Lord Lisvane, Sir Robert Rogers, is the leading expert on parliamentary democracy, and served as Clerk of the House of Commons from October 2011 until August 2014. He currently sits in the House of Lords as a crossbench parliamentarian. He was involved in every aspect of the procedural and committee work of Parliament during his career. He is co-author of the standard textbook How Parliament Works, now in its 7th edition, and author of two parliamentary miscellanies: Order! Order! (2010) and Who Goes Home? (2012). Lord Lisvane was one of the first to call for parliamentary approval for Brexit and suggested a second referendum was needed in July.

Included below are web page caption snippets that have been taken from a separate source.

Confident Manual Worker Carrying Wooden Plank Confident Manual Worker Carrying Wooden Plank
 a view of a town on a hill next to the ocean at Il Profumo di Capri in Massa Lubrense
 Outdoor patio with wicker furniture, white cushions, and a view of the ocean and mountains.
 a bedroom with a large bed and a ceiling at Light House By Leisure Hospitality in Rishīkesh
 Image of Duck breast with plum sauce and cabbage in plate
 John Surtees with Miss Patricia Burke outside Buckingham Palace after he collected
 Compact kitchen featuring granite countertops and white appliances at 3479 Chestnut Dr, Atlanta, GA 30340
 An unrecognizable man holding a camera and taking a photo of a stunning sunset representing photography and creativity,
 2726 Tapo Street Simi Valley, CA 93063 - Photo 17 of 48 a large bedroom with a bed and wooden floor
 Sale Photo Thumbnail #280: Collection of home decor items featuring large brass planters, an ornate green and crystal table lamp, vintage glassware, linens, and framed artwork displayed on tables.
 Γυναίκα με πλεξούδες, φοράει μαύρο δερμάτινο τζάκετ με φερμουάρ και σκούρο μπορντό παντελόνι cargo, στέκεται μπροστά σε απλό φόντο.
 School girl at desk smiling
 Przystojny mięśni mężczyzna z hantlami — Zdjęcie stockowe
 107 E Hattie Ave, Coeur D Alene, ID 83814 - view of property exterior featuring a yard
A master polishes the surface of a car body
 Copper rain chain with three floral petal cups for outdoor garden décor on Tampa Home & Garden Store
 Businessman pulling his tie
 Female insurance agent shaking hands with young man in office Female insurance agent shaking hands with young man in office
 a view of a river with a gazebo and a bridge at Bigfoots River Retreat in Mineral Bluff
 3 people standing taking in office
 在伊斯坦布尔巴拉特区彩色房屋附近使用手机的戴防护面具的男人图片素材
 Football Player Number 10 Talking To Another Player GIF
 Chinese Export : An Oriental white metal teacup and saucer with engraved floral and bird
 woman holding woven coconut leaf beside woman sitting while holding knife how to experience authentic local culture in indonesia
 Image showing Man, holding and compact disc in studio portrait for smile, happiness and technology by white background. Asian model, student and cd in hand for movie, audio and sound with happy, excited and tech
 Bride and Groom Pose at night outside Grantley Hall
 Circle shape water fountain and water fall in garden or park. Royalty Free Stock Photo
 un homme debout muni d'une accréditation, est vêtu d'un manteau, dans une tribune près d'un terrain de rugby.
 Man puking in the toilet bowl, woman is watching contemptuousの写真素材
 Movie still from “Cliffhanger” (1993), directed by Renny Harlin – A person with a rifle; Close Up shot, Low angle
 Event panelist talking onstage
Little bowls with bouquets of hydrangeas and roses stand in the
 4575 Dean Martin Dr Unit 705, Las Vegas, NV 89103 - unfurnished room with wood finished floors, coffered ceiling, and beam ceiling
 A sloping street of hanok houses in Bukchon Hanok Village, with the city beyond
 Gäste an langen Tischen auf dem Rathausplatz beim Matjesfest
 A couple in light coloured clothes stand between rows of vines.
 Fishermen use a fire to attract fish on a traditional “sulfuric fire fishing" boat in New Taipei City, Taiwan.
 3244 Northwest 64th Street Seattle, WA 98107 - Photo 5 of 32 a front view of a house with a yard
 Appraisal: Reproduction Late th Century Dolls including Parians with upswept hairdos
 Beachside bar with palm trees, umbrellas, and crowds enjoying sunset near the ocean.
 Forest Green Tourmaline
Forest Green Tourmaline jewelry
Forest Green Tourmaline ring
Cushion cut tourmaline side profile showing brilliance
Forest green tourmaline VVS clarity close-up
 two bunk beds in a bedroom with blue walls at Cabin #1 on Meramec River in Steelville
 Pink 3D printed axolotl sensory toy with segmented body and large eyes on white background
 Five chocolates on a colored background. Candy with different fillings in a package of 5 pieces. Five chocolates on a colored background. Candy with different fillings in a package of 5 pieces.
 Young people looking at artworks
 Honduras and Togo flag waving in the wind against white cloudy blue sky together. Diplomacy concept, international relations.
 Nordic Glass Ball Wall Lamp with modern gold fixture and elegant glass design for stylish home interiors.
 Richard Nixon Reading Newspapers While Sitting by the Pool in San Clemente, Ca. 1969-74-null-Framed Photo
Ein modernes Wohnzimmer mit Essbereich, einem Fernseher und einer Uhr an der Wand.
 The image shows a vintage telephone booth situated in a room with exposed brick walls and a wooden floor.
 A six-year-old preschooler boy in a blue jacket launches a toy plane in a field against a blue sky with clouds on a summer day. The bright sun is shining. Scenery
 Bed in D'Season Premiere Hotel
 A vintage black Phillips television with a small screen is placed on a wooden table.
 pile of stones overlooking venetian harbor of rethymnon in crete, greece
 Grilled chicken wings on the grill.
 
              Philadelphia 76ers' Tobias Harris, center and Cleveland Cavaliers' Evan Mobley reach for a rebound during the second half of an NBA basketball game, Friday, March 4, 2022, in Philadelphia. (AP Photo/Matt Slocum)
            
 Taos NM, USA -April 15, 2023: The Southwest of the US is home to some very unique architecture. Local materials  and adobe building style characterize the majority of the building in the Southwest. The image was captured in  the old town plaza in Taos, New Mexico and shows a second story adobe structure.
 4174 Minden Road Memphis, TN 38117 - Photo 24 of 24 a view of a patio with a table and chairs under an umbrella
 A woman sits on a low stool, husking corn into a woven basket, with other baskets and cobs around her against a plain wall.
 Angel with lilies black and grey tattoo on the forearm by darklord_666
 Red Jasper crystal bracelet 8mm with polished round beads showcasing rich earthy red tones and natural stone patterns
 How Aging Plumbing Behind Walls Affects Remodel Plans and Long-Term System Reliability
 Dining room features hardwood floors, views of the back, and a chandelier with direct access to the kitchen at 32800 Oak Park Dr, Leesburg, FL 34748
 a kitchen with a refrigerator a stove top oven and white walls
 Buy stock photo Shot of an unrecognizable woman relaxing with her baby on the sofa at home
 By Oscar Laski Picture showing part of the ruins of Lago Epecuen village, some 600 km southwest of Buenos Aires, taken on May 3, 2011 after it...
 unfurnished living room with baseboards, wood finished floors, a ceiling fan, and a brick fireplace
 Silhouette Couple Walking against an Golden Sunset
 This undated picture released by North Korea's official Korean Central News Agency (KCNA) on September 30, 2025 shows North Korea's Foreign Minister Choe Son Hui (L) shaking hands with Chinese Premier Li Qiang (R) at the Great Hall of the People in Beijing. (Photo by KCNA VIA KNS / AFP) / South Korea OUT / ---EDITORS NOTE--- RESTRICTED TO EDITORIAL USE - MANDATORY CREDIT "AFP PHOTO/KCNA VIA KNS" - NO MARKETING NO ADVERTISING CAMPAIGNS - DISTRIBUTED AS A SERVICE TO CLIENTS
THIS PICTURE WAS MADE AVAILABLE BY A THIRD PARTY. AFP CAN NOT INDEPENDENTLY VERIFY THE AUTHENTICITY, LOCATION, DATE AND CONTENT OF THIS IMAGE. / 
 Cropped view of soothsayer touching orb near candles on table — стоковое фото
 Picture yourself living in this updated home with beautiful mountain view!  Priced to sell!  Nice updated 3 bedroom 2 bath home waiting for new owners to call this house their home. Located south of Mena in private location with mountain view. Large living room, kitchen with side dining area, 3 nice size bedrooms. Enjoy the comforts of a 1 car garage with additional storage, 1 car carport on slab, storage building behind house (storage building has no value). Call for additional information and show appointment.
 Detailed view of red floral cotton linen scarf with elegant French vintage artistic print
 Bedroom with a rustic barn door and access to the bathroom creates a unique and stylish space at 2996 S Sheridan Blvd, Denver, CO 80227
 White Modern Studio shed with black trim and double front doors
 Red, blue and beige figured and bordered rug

Visiting Lincoln Fellow in Law, Graham Child was a practicing solicitor and partner at Slaughter & May, where he negotiated and advised on contracts from an EU law point of view and involved with litigation before the EU Court and Commission. He was co-author with Christopher Bellamy of the early editions of Bellamy and Child, EU law of competition. He was a stagiaire in the legal Service of the Commission in the early part of his career and later a stagiaire in the cabinet of Judge Edward at the CJ EU, and thus expertly placed to discuss the effect of Brexit on EU law.

Daniel Kozelko (Bachelor of Civil Law) will discuss the implication of Brexit for the doctrine of subsidiarity, and the prospective response of other supra-national legal bodies to the UK including the European Court of Human Rights and the Council of Europe. Daniel is interested in possible repeal of human rights-based statutes post-Brexit,and was previously a legal researcher at Blackstone Chambers and Landmark Chambers. He completed his undergraduate degree at the University of Cambridge, graduating with a double first-class honours.